TASK REQUIREMENTS - Each line in the records below, from the one that contains "نظام قيادة أليه" to the one that contains "20P Die kleine", should be reproduced exactly, the first and last included.

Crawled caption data
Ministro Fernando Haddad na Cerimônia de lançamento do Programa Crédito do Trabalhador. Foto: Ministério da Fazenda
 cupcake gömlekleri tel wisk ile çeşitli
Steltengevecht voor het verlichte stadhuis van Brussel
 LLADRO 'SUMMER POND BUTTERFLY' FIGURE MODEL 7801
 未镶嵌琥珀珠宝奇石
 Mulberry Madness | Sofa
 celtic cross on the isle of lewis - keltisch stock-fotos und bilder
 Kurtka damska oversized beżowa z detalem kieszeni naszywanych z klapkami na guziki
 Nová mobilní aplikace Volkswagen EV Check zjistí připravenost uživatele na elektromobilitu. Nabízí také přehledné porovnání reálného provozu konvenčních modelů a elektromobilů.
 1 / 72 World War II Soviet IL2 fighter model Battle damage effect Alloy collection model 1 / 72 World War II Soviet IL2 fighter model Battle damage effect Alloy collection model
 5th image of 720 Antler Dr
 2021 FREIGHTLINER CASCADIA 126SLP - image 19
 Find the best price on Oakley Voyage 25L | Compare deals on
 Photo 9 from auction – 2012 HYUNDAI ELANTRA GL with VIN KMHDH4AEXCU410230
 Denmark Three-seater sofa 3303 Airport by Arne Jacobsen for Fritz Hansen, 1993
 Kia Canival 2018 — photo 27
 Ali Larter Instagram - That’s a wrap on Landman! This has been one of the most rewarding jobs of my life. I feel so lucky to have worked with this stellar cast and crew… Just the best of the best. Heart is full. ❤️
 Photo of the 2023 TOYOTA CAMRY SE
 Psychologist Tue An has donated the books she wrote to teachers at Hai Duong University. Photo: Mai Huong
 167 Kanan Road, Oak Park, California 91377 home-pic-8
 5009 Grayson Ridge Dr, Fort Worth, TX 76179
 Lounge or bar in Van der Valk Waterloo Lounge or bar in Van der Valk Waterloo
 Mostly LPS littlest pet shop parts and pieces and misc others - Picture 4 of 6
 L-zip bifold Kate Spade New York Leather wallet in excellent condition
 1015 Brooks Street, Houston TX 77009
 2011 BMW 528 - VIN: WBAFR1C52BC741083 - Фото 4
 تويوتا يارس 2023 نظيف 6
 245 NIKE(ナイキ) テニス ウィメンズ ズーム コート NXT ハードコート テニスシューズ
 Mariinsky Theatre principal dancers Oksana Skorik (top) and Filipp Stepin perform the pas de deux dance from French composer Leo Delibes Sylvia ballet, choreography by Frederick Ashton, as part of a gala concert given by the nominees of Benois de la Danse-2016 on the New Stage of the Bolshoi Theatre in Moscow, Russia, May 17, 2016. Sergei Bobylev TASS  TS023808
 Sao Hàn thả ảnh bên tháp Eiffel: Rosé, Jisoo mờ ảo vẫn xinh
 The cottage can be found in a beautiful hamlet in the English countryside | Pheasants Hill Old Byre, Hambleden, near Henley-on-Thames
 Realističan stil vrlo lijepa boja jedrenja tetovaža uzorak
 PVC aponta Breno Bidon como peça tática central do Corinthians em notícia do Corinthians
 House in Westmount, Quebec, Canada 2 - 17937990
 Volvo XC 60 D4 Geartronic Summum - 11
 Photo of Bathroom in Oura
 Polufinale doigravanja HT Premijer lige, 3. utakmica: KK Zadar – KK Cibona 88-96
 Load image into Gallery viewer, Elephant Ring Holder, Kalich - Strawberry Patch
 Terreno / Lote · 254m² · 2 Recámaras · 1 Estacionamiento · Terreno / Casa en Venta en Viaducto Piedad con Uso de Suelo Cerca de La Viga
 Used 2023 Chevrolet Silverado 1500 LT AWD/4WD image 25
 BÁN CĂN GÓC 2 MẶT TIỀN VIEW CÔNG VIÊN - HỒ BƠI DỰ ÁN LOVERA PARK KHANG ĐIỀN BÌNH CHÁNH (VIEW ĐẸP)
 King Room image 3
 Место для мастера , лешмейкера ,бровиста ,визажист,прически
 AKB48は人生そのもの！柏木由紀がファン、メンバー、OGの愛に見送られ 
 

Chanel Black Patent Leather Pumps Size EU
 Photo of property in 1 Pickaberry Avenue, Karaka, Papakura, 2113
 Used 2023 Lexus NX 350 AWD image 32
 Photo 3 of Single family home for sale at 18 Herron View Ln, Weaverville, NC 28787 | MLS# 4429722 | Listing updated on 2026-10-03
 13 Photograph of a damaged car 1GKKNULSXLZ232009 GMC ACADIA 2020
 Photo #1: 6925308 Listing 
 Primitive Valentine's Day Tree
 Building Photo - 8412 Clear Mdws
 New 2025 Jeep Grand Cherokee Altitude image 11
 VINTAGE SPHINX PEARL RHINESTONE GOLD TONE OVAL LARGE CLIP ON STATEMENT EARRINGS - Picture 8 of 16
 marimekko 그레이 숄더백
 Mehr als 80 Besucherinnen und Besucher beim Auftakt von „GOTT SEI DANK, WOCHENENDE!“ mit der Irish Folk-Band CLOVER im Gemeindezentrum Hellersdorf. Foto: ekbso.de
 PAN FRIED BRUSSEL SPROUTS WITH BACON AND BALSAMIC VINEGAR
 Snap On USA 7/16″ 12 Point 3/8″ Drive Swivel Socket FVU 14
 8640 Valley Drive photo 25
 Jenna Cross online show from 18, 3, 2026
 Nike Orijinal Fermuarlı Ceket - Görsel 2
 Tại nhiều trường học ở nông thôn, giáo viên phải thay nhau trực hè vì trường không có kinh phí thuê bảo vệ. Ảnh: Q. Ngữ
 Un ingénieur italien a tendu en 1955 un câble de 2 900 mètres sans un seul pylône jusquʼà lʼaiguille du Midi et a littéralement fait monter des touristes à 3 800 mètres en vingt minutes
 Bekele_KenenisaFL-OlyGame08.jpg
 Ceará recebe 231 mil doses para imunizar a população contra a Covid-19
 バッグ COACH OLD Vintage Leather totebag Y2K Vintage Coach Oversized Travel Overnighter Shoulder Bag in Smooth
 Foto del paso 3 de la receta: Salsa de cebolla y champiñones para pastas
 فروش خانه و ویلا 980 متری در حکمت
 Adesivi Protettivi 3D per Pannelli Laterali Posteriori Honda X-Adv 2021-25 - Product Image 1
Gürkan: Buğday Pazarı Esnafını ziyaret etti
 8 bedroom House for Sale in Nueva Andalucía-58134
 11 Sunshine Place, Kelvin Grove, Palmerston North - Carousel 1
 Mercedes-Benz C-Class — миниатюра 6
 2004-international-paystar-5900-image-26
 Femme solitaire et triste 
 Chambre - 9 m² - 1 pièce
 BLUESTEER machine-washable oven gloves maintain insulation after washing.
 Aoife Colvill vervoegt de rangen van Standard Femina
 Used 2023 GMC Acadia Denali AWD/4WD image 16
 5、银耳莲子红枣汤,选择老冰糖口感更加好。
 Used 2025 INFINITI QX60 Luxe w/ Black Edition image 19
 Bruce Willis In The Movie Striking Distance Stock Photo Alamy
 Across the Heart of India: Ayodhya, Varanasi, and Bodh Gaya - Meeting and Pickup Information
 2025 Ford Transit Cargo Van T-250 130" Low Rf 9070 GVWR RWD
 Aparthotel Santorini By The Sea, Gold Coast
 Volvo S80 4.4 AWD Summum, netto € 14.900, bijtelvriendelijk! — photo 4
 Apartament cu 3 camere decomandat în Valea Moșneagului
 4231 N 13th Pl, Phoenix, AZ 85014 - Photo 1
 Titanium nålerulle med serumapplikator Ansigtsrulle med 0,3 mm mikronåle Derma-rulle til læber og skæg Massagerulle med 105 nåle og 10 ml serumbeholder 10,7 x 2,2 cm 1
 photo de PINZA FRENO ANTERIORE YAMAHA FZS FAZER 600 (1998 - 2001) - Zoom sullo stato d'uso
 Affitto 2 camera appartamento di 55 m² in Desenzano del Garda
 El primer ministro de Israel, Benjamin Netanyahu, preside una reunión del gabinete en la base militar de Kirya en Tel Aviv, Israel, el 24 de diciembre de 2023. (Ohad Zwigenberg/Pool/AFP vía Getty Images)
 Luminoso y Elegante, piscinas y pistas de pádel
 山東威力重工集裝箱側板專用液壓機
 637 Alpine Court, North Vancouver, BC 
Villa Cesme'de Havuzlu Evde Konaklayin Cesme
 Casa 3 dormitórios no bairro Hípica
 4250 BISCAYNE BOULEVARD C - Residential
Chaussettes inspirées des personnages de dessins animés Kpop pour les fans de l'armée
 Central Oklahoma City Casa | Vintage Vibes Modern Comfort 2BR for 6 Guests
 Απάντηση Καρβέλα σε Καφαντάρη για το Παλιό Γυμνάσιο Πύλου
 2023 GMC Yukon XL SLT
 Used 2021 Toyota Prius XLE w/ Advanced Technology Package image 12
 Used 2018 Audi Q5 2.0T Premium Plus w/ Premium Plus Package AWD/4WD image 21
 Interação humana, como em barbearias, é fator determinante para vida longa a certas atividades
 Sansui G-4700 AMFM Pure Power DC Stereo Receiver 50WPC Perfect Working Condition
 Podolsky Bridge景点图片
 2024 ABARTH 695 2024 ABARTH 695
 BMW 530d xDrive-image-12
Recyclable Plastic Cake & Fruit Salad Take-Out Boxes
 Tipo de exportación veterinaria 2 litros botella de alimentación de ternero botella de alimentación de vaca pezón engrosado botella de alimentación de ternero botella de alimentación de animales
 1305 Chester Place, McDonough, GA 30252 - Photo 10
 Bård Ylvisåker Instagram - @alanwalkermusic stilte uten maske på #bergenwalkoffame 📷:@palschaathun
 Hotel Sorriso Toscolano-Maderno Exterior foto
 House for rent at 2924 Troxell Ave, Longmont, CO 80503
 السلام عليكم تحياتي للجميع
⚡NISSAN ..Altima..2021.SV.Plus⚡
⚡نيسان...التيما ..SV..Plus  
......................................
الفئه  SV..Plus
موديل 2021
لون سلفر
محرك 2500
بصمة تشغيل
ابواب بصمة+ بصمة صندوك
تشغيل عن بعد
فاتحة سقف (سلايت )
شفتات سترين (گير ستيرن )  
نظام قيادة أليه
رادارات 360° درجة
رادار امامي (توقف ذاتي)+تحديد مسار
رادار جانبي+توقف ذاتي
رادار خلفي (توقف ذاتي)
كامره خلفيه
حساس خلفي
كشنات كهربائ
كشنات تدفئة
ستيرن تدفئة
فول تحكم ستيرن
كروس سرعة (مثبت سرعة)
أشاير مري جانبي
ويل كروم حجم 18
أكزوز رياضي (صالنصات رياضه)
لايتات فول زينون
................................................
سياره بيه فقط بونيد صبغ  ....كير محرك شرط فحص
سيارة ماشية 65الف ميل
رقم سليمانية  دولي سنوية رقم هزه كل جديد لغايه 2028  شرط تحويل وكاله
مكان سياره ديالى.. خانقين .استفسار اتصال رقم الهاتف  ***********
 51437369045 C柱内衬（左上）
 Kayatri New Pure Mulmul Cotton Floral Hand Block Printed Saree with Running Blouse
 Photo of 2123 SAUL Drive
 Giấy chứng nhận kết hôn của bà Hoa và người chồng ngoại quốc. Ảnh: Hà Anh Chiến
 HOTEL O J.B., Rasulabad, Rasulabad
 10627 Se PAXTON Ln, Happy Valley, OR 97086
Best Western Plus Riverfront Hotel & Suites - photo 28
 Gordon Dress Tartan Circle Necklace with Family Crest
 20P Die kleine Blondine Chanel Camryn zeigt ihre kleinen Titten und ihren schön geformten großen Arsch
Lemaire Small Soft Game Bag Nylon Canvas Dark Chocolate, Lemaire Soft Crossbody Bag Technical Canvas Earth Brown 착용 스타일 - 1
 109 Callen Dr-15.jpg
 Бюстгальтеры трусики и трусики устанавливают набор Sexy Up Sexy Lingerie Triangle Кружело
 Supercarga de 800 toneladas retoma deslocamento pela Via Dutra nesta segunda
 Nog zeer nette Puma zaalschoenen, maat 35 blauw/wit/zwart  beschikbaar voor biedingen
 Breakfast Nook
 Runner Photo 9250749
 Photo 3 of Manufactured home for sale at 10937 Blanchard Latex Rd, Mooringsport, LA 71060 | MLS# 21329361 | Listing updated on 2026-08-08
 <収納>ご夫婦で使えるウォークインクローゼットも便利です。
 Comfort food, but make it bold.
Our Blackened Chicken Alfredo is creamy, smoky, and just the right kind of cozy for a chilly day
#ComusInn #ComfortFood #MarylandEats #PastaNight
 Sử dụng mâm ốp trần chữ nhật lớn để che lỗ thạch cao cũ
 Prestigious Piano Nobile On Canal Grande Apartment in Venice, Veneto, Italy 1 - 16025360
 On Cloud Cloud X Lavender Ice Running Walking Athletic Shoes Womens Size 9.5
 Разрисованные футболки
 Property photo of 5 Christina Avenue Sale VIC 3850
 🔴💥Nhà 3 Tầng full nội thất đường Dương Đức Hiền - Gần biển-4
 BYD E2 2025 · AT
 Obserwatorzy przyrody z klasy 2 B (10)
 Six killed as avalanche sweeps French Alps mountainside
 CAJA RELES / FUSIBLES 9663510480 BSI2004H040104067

TASK RESULT -
نظام قيادة أليه
رادارات 360° درجة
رادار امامي (توقف ذاتي)+تحديد مسار
رادار جانبي+توقف ذاتي
رادار خلفي (توقف ذاتي)
كامره خلفيه
حساس خلفي
كشنات كهربائ
كشنات تدفئة
ستيرن تدفئة
فول تحكم ستيرن
كروس سرعة (مثبت سرعة)
أشاير مري جانبي
ويل كروم حجم 18
أكزوز رياضي (صالنصات رياضه)
لايتات فول زينون
................................................
سياره بيه فقط بونيد صبغ  ....كير محرك شرط فحص
سيارة ماشية 65الف ميل
رقم سليمانية  دولي سنوية رقم هزه كل جديد لغايه 2028  شرط تحويل وكاله
مكان سياره ديالى.. خانقين .استفسار اتصال رقم الهاتف  ***********
 51437369045 C柱内衬（左上）
 Kayatri New Pure Mulmul Cotton Floral Hand Block Printed Saree with Running Blouse
 Photo of 2123 SAUL Drive
 Giấy chứng nhận kết hôn của bà Hoa và người chồng ngoại quốc. Ảnh: Hà Anh Chiến
 HOTEL O J.B., Rasulabad, Rasulabad
 10627 Se PAXTON Ln, Happy Valley, OR 97086
Best Western Plus Riverfront Hotel & Suites - photo 28
 Gordon Dress Tartan Circle Necklace with Family Crest
 20P Die kleine Blondine Chanel Camryn zeigt ihre kleinen Titten und ihren schön geformten großen Arsch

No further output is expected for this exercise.